Assignment: An exact repeat is needed of the lines from the one with "Вздулся шпон на столешнице" through the last line of the data below. Please omit the pictures.
BEGIN Dataset content
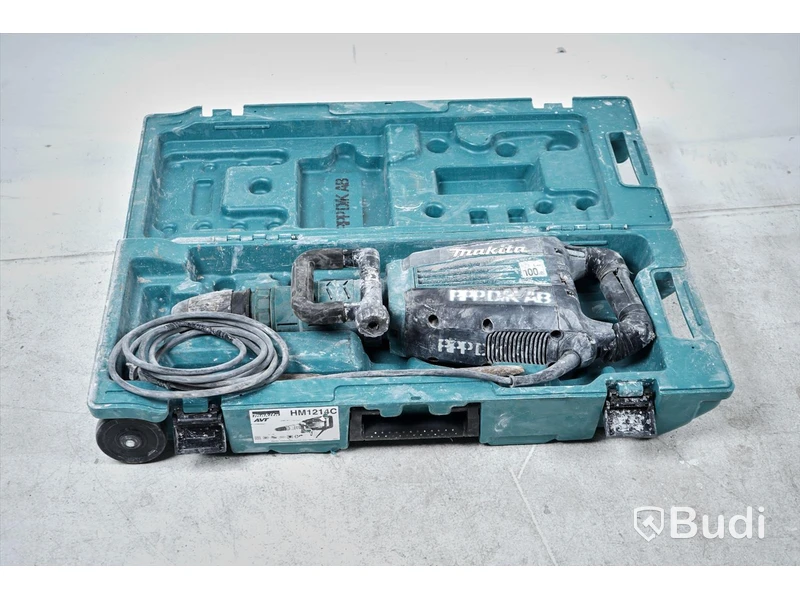 Bilningshammare – Makita HM1214C, OBS Defekt!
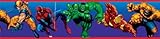 RoomMates RMK1153BCS Marvel Heroes Peel & Stick Border [並行輸入品]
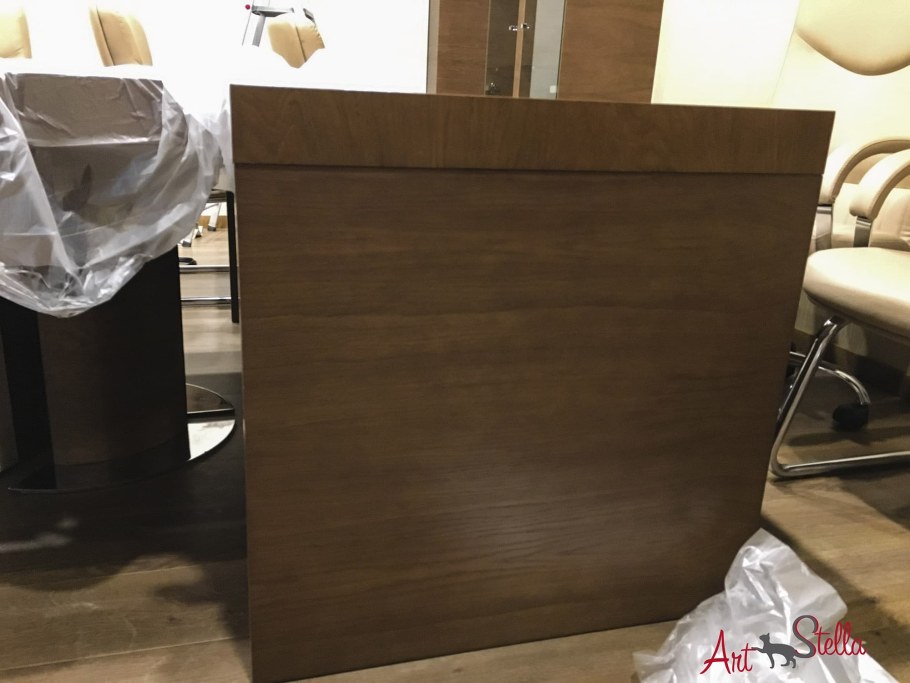 Вздулся шпон на столешнице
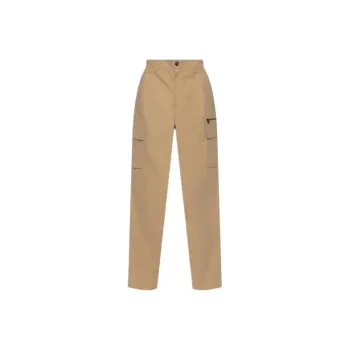 FANSIZHE Casual Pants Men's Beige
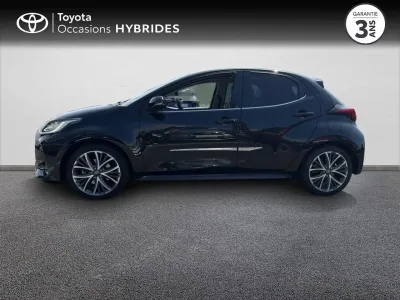 TOYOTA Yaris 116h Iconic 5p Toit Panoramique occasion 2023 - Photo 3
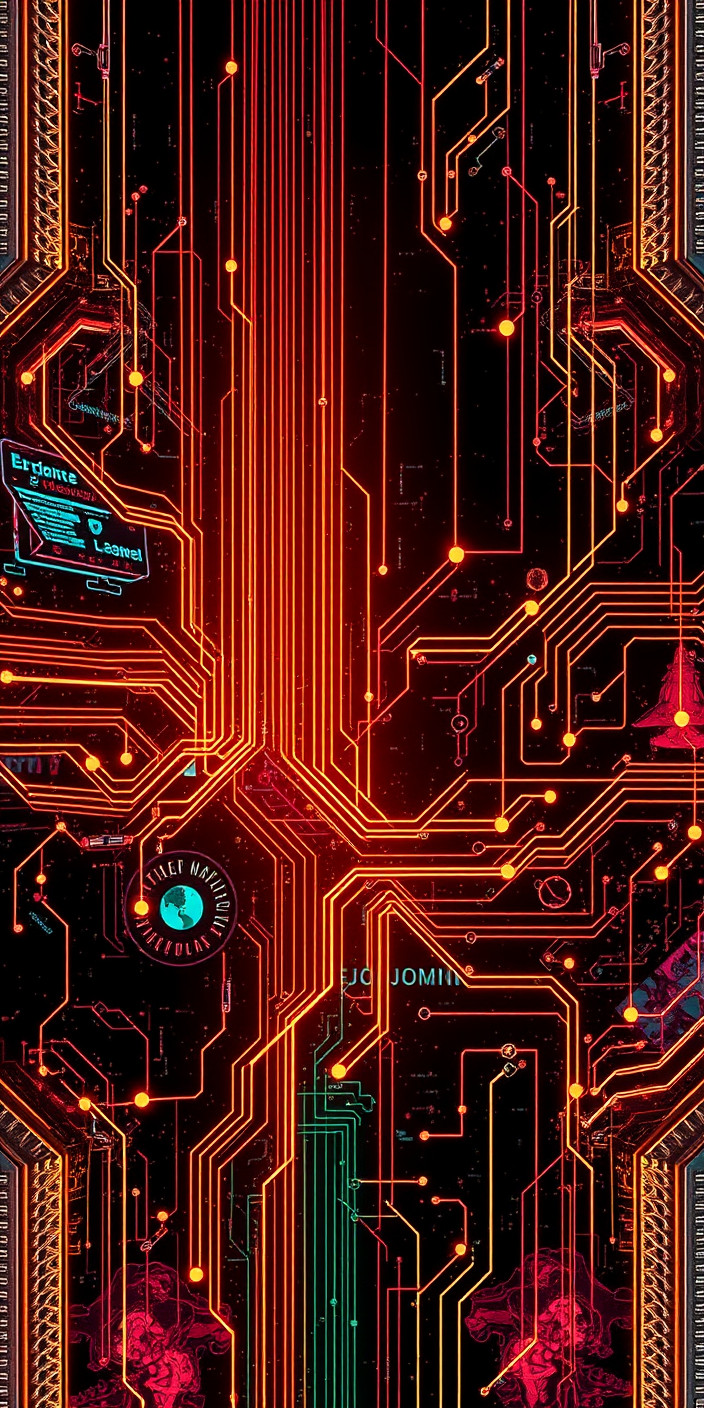 Technology 10 Phone Wallpaper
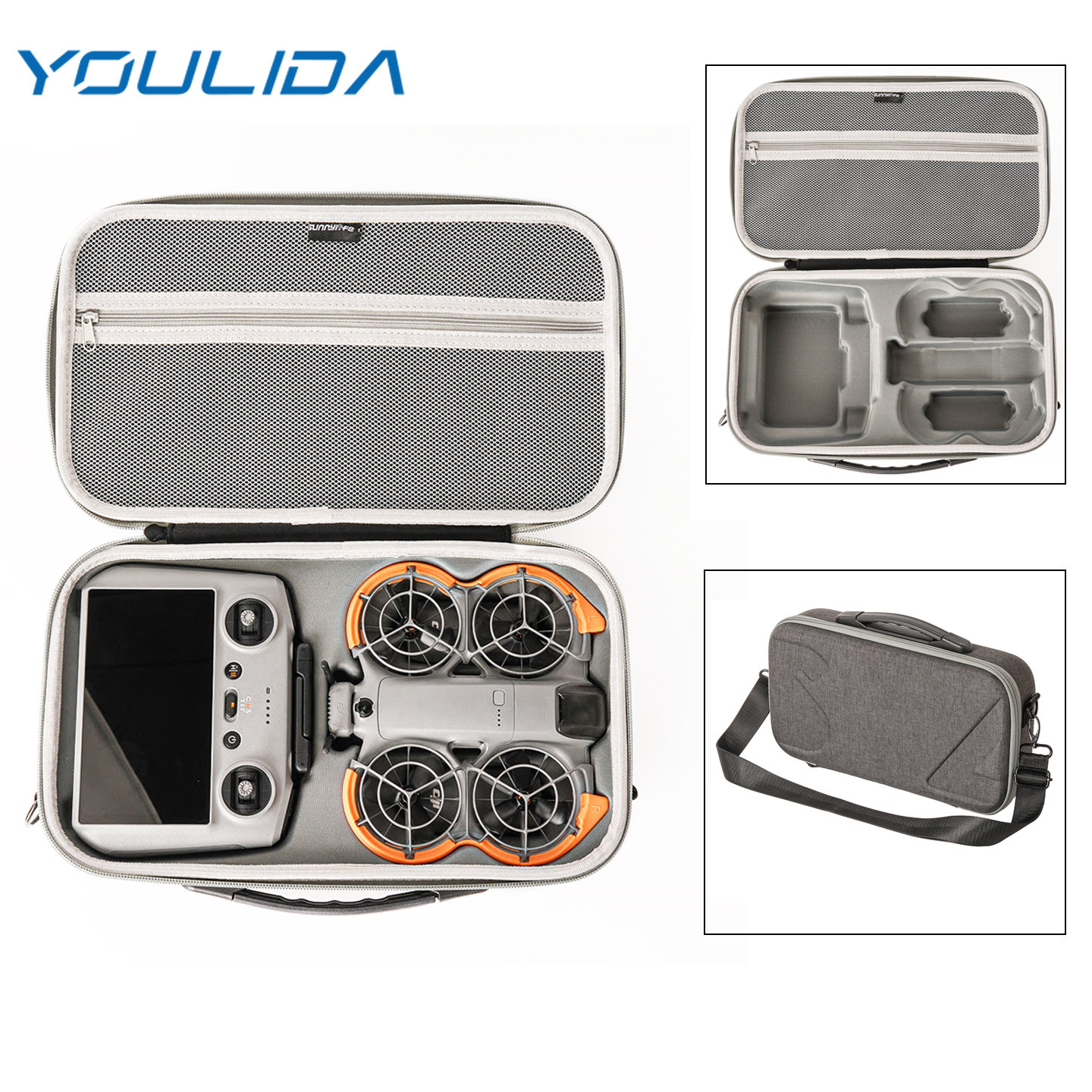 Rc Helicopter Bag - Portable Carrying Case For DJI Neo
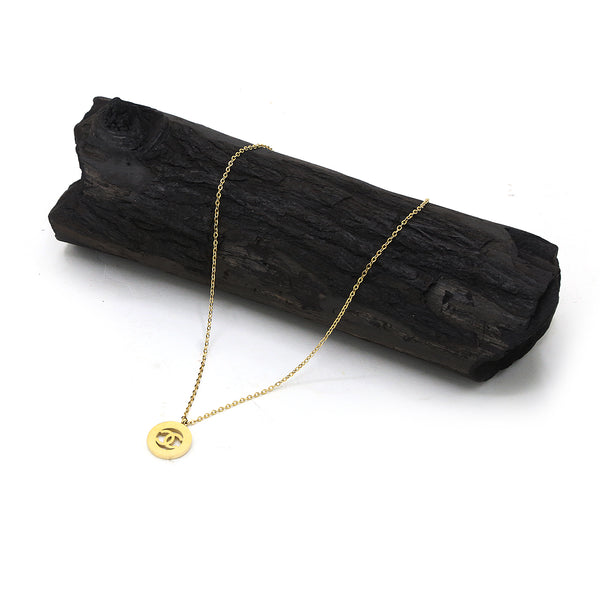 Chains and Locket - Golden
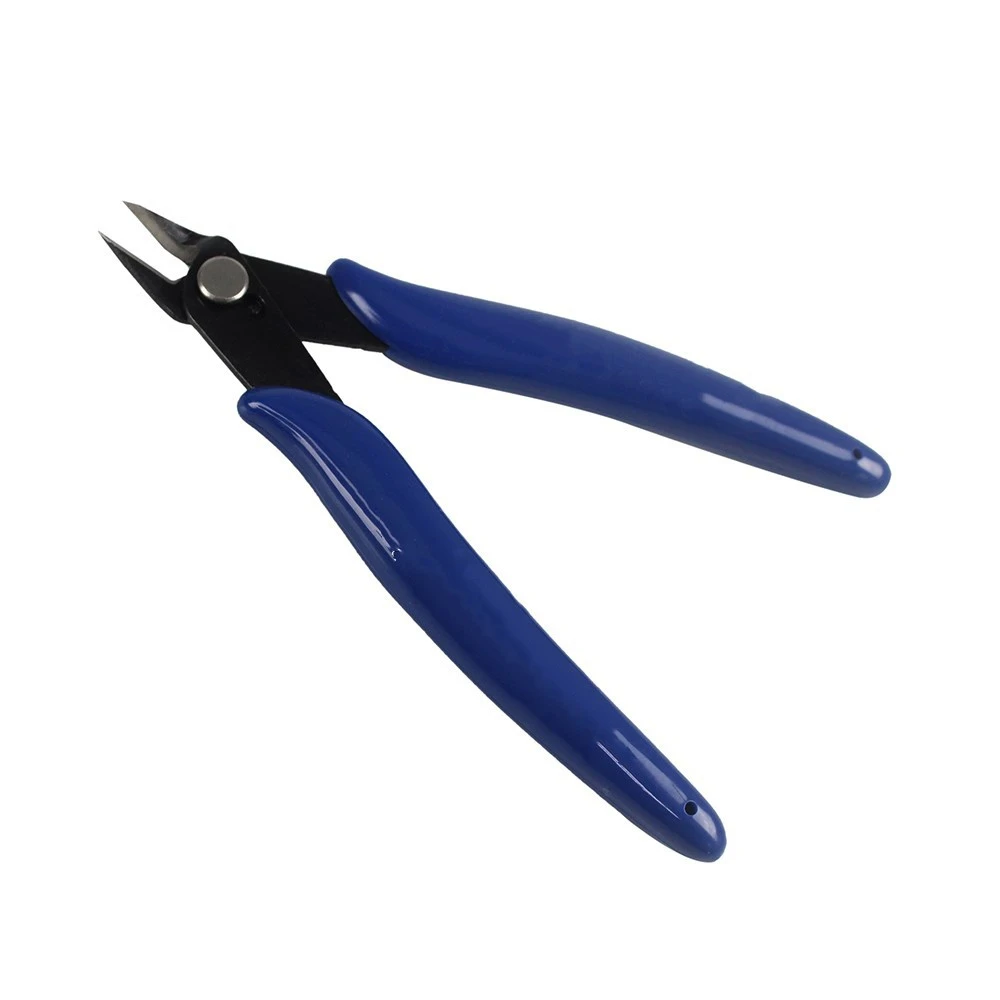 

New PJLSW Pliers Multi Functional Tools Electrical Wire Cable Cutters Cutting Side Snips Flush Stainless Steel Nipper Hand Tools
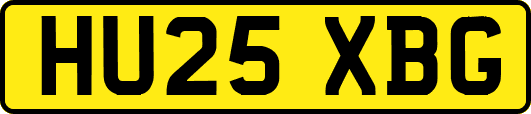 HU25XBG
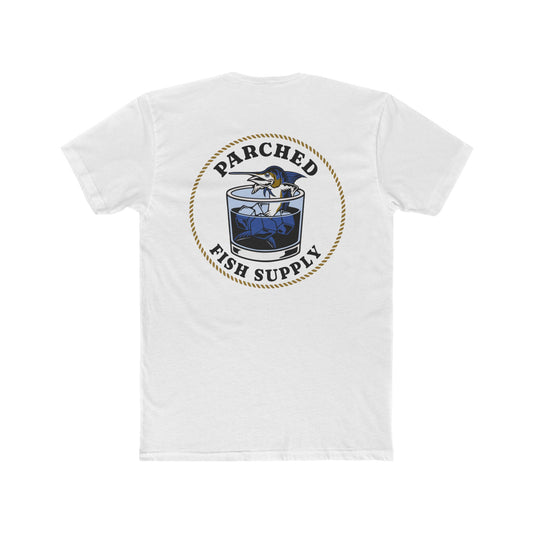 Logo Cotton Crew Tee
END Dataset content
Problem solution:
 Вздулся шпон на столешнице
 FANSIZHE Casual Pants Men's Beige
 TOYOTA Yaris 116h Iconic 5p Toit Panoramique occasion 2023 - Photo 3
 Technology 10 Phone Wallpaper
 Rc Helicopter Bag - Portable Carrying Case For DJI Neo
 Chains and Locket - Golden

New PJLSW Pliers Multi Functional Tools Electrical Wire Cable Cutters Cutting Side Snips Flush Stainless Steel Nipper Hand Tools
 HU25XBG
 Logo Cotton Crew Tee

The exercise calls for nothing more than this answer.